The independent and nonpartisan Congressional Budget Office is making life less than easy for the White House these days.
First, there was the report that seemed to say President Barack Obama's health law would destroy two million jobs, but upon reflection, said that Obamacare would allow people to work less, so much so that the reduction in hours could add up to the equivalent of two million jobs.
One doubts the Republican Party's political ad writers will waste words on the distinction. Republicans' strategy to win control of the Senate in November's midterm elections is to paint Mr. Obama and Democratic policies as job killers. The CBO headline on Obamacare was manna from Heaven.
The Republican gifts keep coming. Tuesday, the CBO released a study on legislation that would raise the U.S. minimum wage to $10.10 (U.S.) by 2016 from the current level of $7.25. The eye-catching conclusion: The proposal would destroy 500,000 jobs.
Republican tweeters couldn't believe their luck. "In review, White House's central jobs plan would kill jobs," Brendan Buck, a spokesman for House Speaker John Boehner, gleefully tweeted minutes after the CBO study was released. "Not hard," Mr. Buck added. "When you increase the cost of labour, there will be less demand for it, resulting in fewer jobs."
The CBO study certainly tips the balance in the political debate over the minimum wage. Most Republicans oppose a national minimum wage on the basis of gut instinct; now, they have a neutral and respected authority confirming their suspicions. Odds already were against Mr. Obama and Democratic leaders on winning a higher minimum wage this year. It's now a fool's bet.
Good politics and good policy all too rarely align. And taken as a whole, the CBO study validates the societal benefits of a higher minimum wage. It concludes that 16.5 million people would get a raise, 900,000 people would be lifted above the poverty line, and income adjusted for inflation would increase a net $2-billion.
The majority of jobs that would disappear are low-wage, low-skill positions that employers would replace through automation or by paying slightly higher wages to a smaller number of more productive workers. (The CBO concludes that higher wage employment would increase slightly.) That's bad news for the working poor who are pushed out of low-skill jobs. But that's an argument for a stronger social safety net, not one against a higher minimum wage.

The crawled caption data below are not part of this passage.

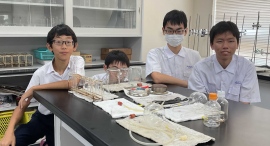 模擬企業アオリストス 発足 ~模擬企業グランプリで予選通過 理系の強豪校 大阪星光学院生プロデュース「実験キットAoristos」を販売~ 模擬企業アオリストス 発足 ~模擬企業グランプリで予選通過 理系の強豪校 大阪星光学院生プロデュース「実験キットAoristos」を販売~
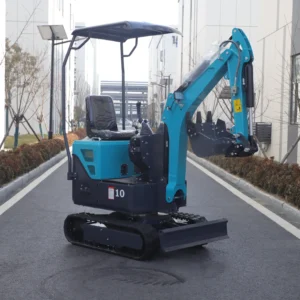 SL10B Mini Excavator - Compact and Powerful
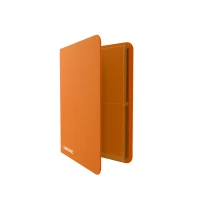 Ilustracja produktu Gamegenic: Casual Album 8-Pocket - Album na Karty - Orange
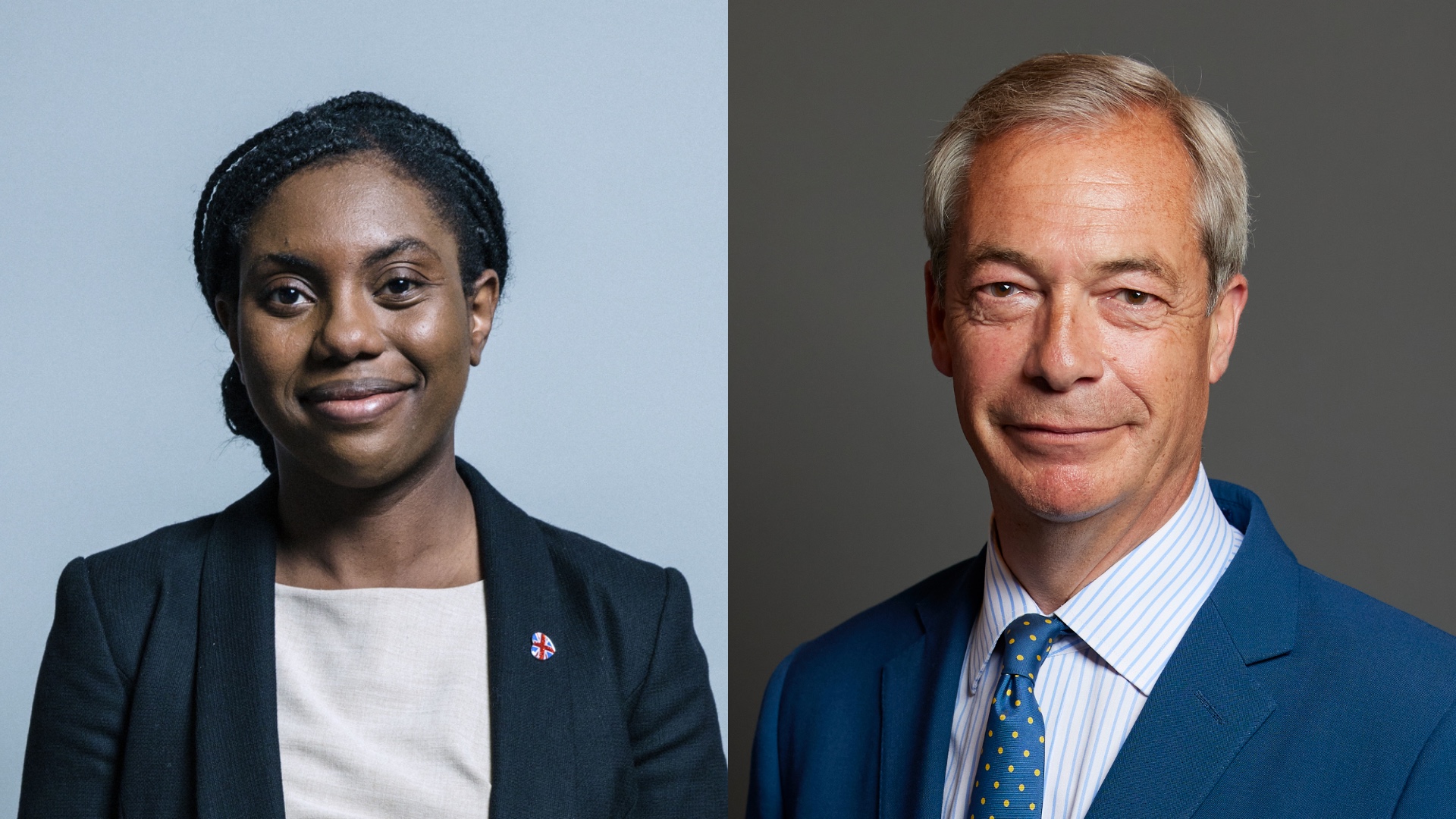 Labour and Tories refuse to stand against Farage in Clacton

The White House responded quickly to the CBO report. Jason Furman, the head of the president's Council of Economic Advisers, wrote a blog post and held a conference call with reporters.

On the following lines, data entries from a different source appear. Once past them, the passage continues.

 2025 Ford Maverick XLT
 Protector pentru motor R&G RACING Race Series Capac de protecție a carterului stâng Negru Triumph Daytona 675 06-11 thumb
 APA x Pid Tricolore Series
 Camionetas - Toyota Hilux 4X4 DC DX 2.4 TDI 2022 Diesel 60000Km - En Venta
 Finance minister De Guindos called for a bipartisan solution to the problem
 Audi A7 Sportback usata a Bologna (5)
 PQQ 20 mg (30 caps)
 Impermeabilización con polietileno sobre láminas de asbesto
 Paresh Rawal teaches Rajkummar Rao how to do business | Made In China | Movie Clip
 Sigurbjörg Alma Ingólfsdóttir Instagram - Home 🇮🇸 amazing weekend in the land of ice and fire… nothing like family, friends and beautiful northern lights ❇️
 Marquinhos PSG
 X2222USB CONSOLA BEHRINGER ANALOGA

Not surprisingly, Mr. Furman stressed the 16.5-million people who the CBO said would benefit from a higher minimum wage, or took exception to the CBO's conclusion that tens of thousands of jobs would be lost.

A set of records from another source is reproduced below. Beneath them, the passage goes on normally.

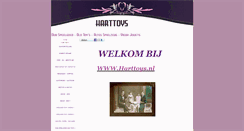 Desktop Screenshot of harttoys.nl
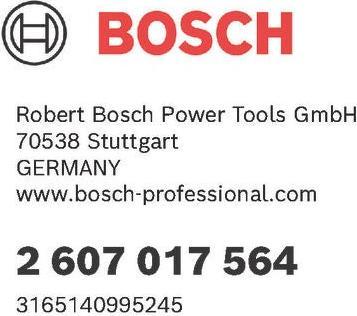 Produktbild Bosch Professional Zubehör Bit-Set (Innensechskant, Kreuz Phillips PH, Kreuz Pozidriv PZ, Bit-Halter)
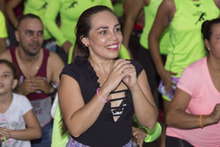 Los cale&ntilde;os celebraron al m&aacute;ximo el D&iacute;a Mundial de la Actividad F&iacute;sica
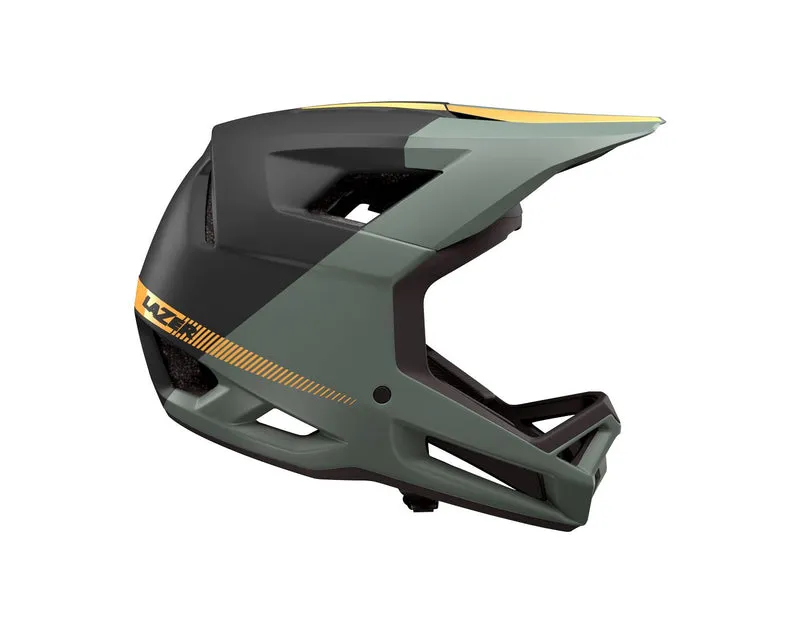 Lazer Cage Kineticore Matte Green L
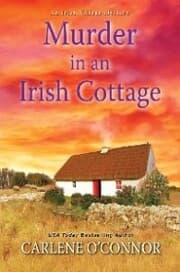 Cover von Murder in an Irish Cottage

"This is not a piece of original research on the impact of the minimum wage," Mr. Furman said. "A lot of economists would summarize it differently than the CBO has summarized it here." Later on the call, Mr. Furman added, "It is perfectly reasonable to think [raising the minimum wage] will have zero effect on employment."
Mr. Furman's confidence is based on empirical studies by some of the world's most respected labour economists that compare neighbouring jurisdictions where the minimum wage is raised in one and left unchanged in the other. Those real-world studies show little change in hiring patterns.
The CBO conclusions are based on theory and subject to a wide margin of error; the agency says the job losses could be as great as one million, or there could be little impact on hiring at all. There also is little appreciation given for more subtle, productivity-enhancing factors such as increased motivation and reduced absenteeism.
But none of that matters in the immediate political debate. Republicans will argue that the CBO has proved their point that Mr. Obama is a job killer. That could be a costly position in the long run: In effect, Republicans are arguing against improving the livelihoods of more than 16 million people.
But that's next year's debate. The immediate push for a federal minimum wage in the United States is all but over.